A propos de ses personnages

Tout au fil de l’échange ont également été abordés son rapport à ses personnages qui réapparaissent parfois dans ses livres et leur inscription dans une géographie : « les paysages dans lesquels nous sommes nés nous fondent », « les personnages sont du paysage dont ils sortent : c’est ce qui les constitue, y compris dans leur façon de se taire ». Plutôt que de définir ses personnages par leur psychologie, l’autrice préfère leur inscription dans des paysages, du mouvement, dans une filiation, dans leur lien avec les animaux…

Ses sources d’inspiration

Mayline Desbiolles s’inspire du réel : elle mène des travaux de documentation et de recherche quasi journalistiques pour écrire. « C’est une partie formidable de l’écriture : là, on trouve des choses extraordinaires dans les archives et on ne risque rien ». Dans l’Agrafe, l’histoire d’Emma Fulconis est inspirée de l’histoire de la fille d’une amie, Lucie qui étonnamment dit s’être le plus reconnue dans les endroits de la fiction !

A la question d’Ela, sur son intérêt pour le sujet du racisme dans L’Agrafe, Maryline Desbiolles confirme que la guerre d’Algérie, l’immigration, les questions relatives au rejet de l’autre ou de l’étranger l’habitent, sans doute pour des raisons familiales (son père est resté silencieux sur la guerre d’Algérie, ses grands parents immigrés italiens ont subi la violence, le rejet).

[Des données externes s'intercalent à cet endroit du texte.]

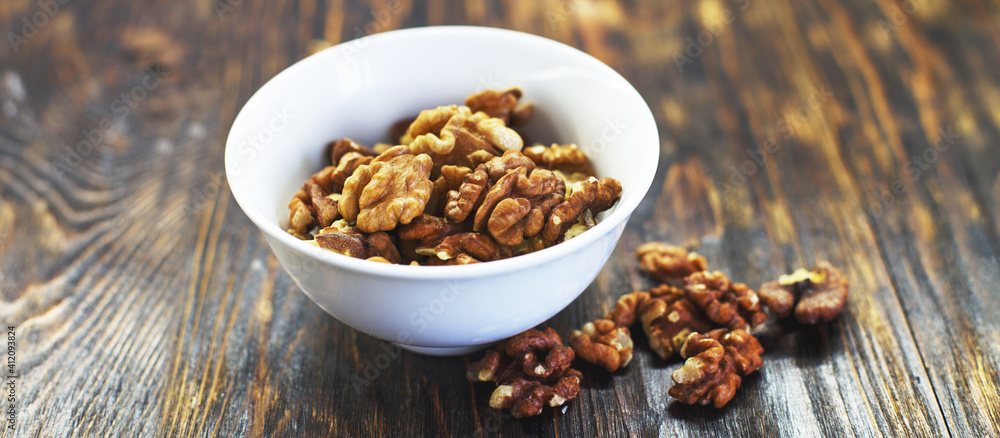 peeled walnuts in the white bowl close on brown old wooden table. healthy food concept. banner peeled walnuts in the white bowl close on brown old wooden table. healthy food concept. banner
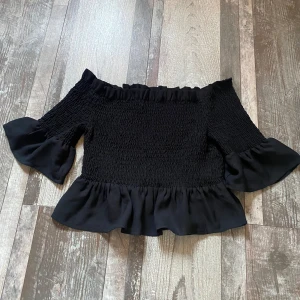 Svart offshoulder topp med volanger - Säljer en superfin svart offshoulder topp med volanger. Storlek L men sitter som S-L. Den har en smockad design som ger en tight passform och vida ärmar med volangdetaljer. Perfekt för festliga tillfällen eller en utekväll. Toppen är i mycket bra skick och redo för ett nytt hem! 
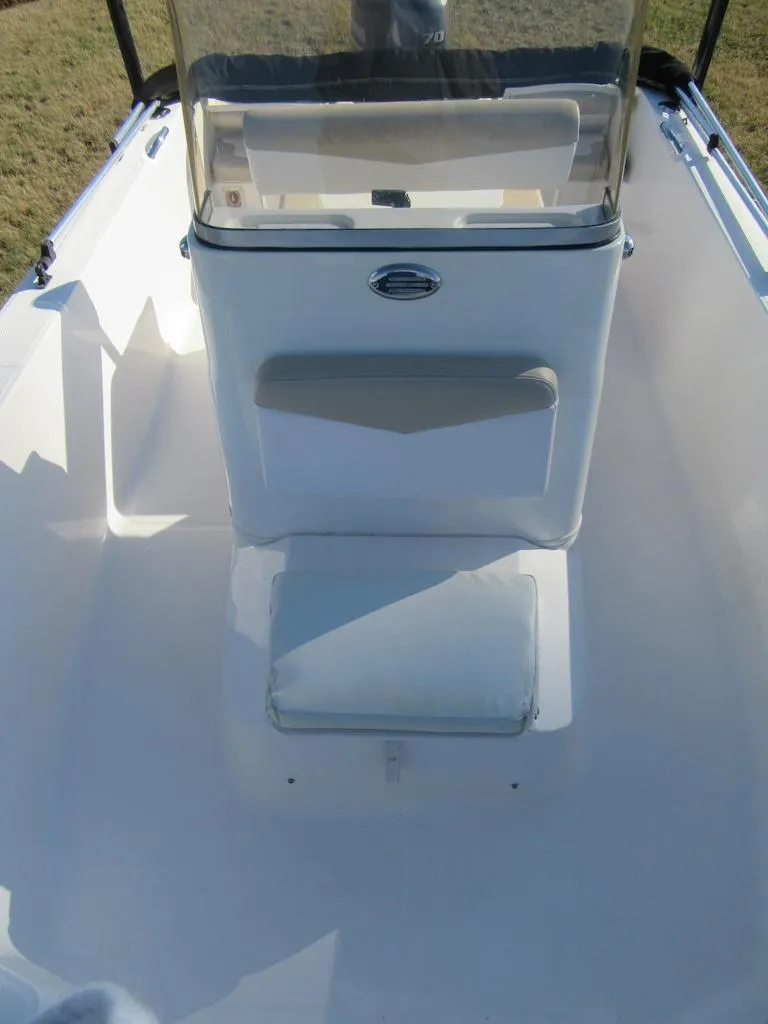Slide: The Image of 2016 Robalo R160 Center Console boat interior with seating and console. - 10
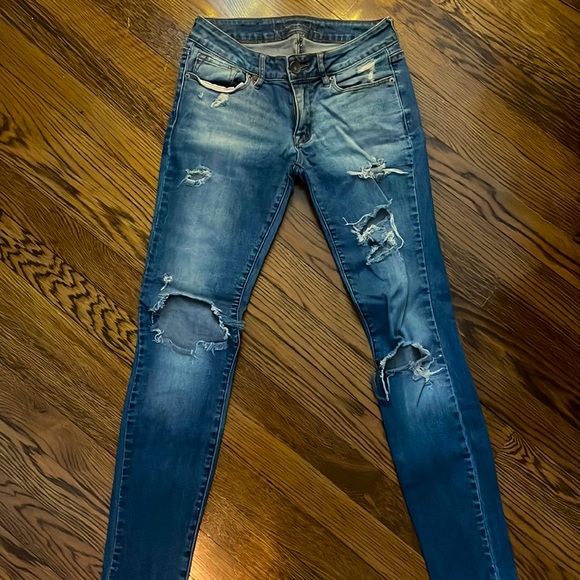 Distressed Skinnys - Picture 1 of 4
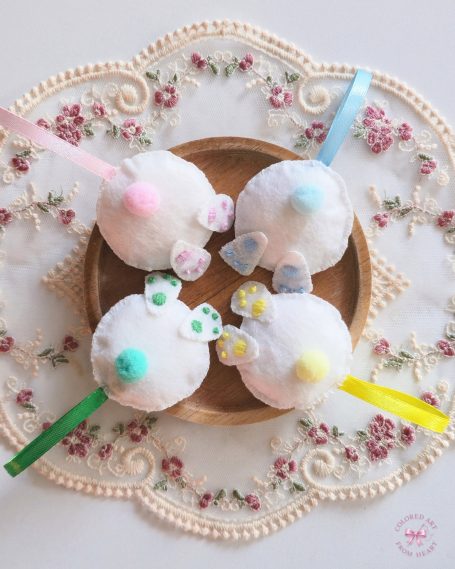 Collection of four funny bunny backsides charms in white and pastel colours.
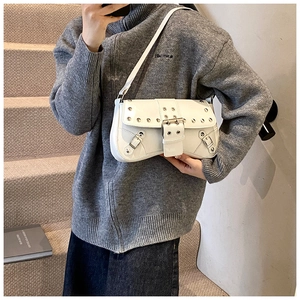 Détail du sac à bandoulière en cuir blanc avec clous en métal et boucles décoratives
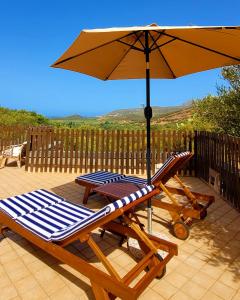 a lounge chair and an umbrella on a patio at Residenza Su Prelau in Gonnesa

Mais ce qui intéresse l’écrivaine, c’est surtout la manière dont les histoires individuelles s’inscrivent dans la grande Histoire : « mes livres sont faits des voix des morts, afin qu’on entende des voix qui [se] sont tues ». Finalement, à Imène qui demande à l’autrice si le réel est son inspiration, Maryline Desbiolles répond « oui, bien sûr, les livres, leur vraie quête, c’est le réel. C’est du réel exploré d’autre manière que le journalisme ».

Pourquoi l’écriture ?

« A l’école, j’allais souvent au piquet car j’étais dissipée : je savais déjà lire et je m’ennuyais. J’écrivais alors et la maîtresse lisait ce que j’écrivais… J’étais déjà en posture d’écrivain ! ».

En réalité « je ne sais pas pourquoi depuis toujours j’écris, sauf que cela vient du fait que je lisais beaucoup ». « J’ai beaucoup aimé les livres très jeunes, des livres pour adultes auxquels je ne comprenais pas tout, mais j’étais embarquée ! ». « J’ai eu un appétit d’écriture parce que j’avais un appétit de lecture ». Elle a ainsi commencé par écrire des pastiches, de la poésie, dès l’enfance.

  • A propos de son style…

Lana interpelle Maryline Desbiolles sur le fait qu’elle utilise beaucoup de répétitions dans son écriture et que cela caractérise vraiment son style : « Moi, je viens de la poésie, de la ritournelle. Il y a de l’enchantement à me répéter des mots. Ce n’est pas tourner en rond. J’espère au fond, en répétant le mot, que ça va m’emmener ailleurs, comme un derviche tourneur ». D’ailleurs, les petites chansons que s’inventent Emma Fulconis dans L’Agrafe « c’est une trouvaille offerte par le livre ! ».

La rencontre s’est terminée sur un moment de convivialité pendant lequel Roméo a pu offrir notre texte dialogué à Maryline Desbiolles.

Ozan en a profité pour lui demander une dédicace pour la classe sur le roman L’Agrafe. L’occasion, dans l’échange d’apprendre le titre du futur livre de Maryline Desbiolles ! Tous les élèves sont repartis enchantés par cette rencontre. Et nous, enseignantes, sommes fières de leur investissement dans ce projet !

Nous remercions l’Agence Livre et Lecture pour ce formidable moment, les financeurs des Petites Fugues, si précieuses, ainsi que les collègues du lycée Les Haberges pour leur chaleureux accueil.